* Your task *
After locating the line that contains "Bright and Open 2 Bedroom Bondi Flat" in the records below, write out exactly that line and each line after it through the one that contains "Female Body and Arms w o Head Mannequin", and nothing else.

* Source material *

===============

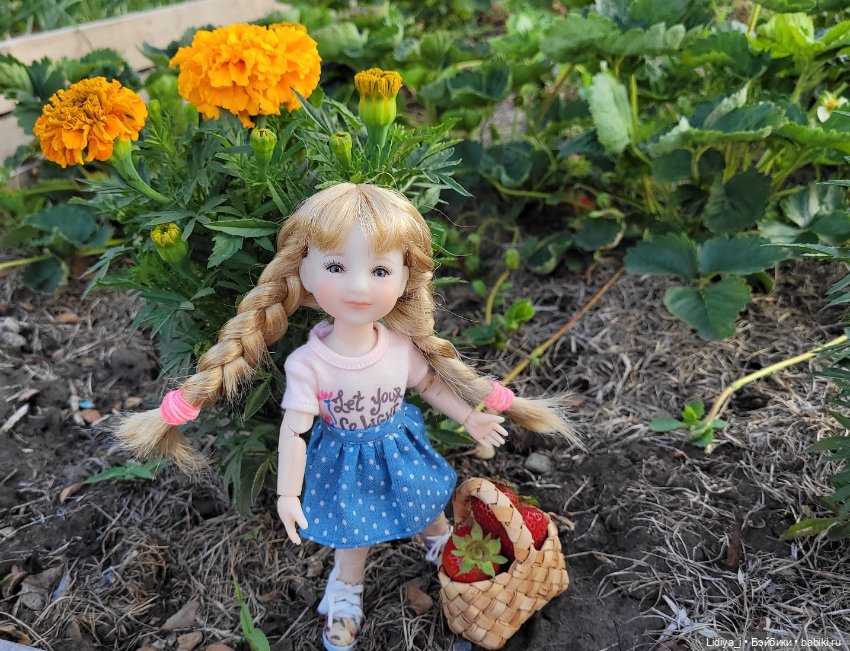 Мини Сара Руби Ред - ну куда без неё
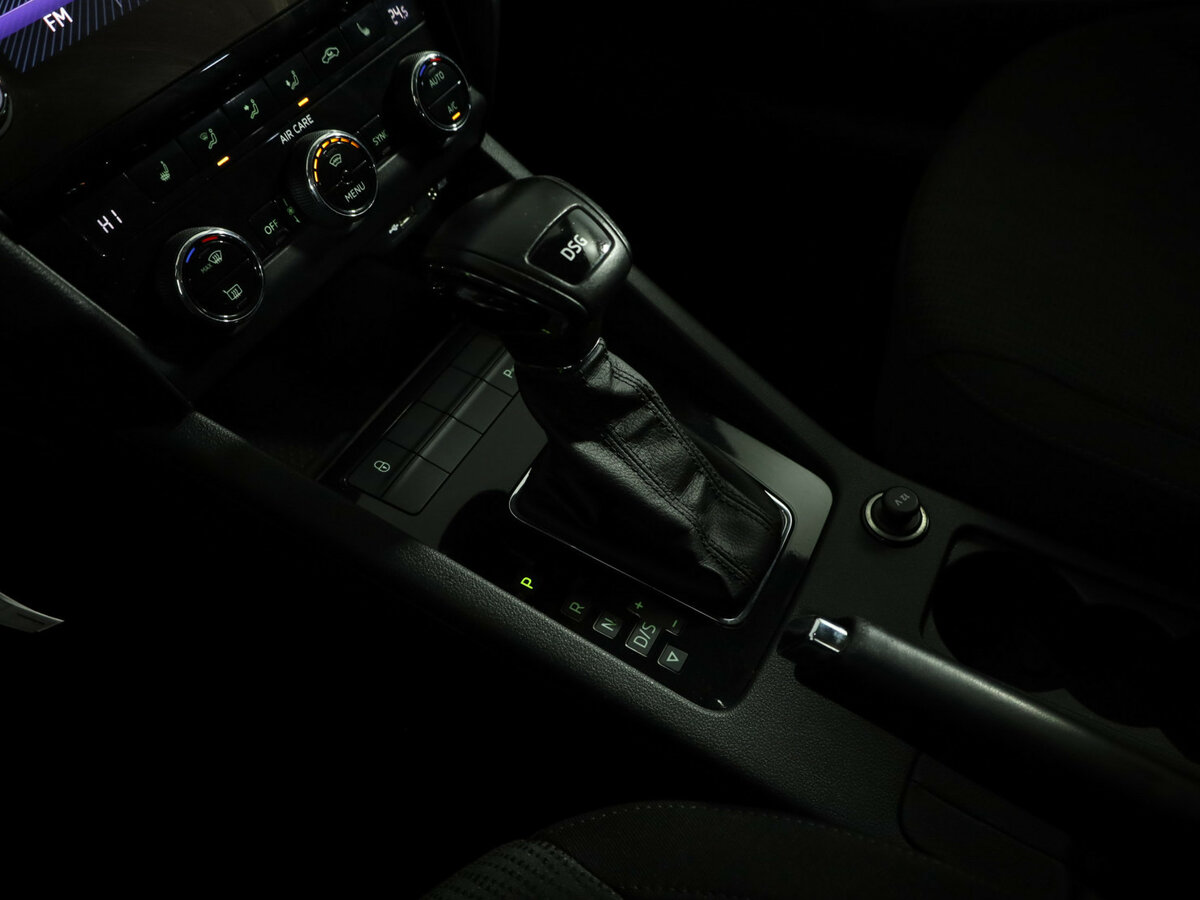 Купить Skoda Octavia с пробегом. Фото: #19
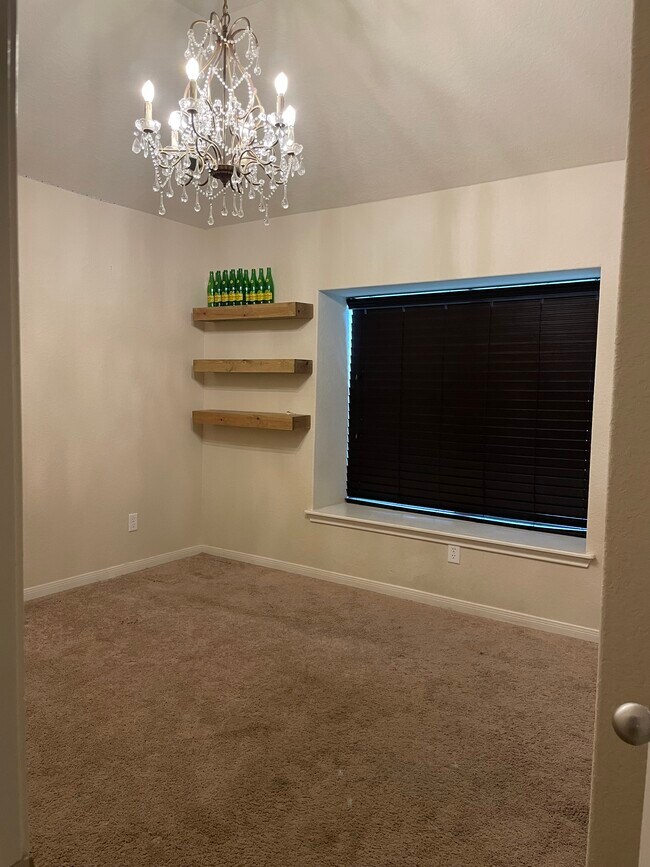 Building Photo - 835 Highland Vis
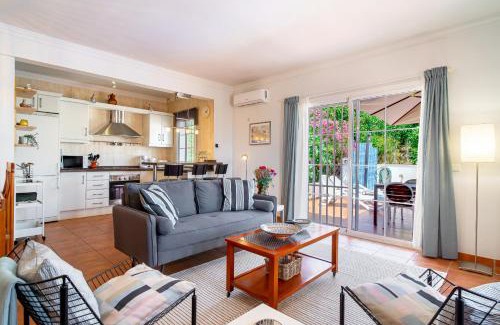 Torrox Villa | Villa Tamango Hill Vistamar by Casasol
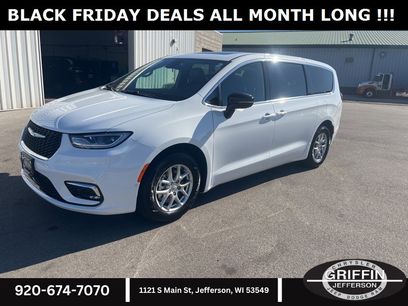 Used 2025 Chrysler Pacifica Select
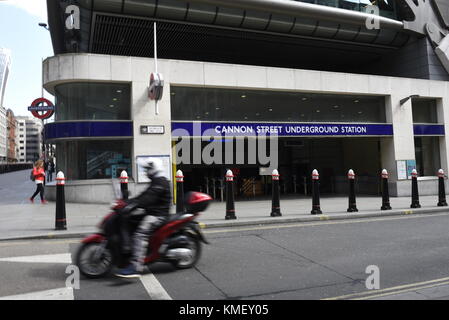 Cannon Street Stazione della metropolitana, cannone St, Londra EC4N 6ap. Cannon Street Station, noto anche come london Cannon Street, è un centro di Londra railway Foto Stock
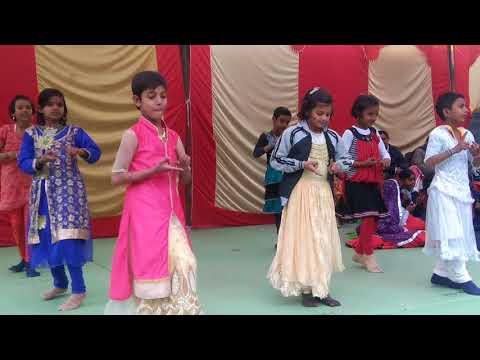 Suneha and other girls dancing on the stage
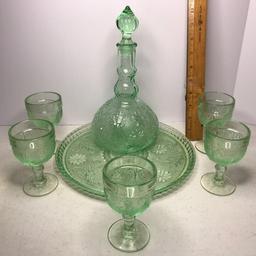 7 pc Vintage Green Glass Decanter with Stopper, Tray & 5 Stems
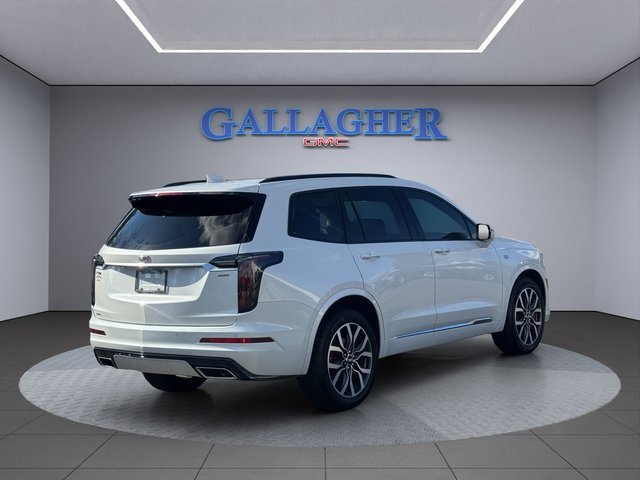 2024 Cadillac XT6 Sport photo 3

===============

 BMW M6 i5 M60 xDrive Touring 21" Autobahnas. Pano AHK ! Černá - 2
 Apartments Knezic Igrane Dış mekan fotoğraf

===============

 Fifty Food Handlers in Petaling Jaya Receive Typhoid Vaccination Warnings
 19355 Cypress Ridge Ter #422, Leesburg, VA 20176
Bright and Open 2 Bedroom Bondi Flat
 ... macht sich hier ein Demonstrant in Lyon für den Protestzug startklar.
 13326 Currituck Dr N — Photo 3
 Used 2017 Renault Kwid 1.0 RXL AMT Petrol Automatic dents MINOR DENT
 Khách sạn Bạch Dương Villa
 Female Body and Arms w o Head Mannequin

===============

* Solution for this problem *
Bright and Open 2 Bedroom Bondi Flat
 ... macht sich hier ein Demonstrant in Lyon für den Protestzug startklar.
 13326 Currituck Dr N — Photo 3
 Used 2017 Renault Kwid 1.0 RXL AMT Petrol Automatic dents MINOR DENT
 Khách sạn Bạch Dương Villa
 Female Body and Arms w o Head Mannequin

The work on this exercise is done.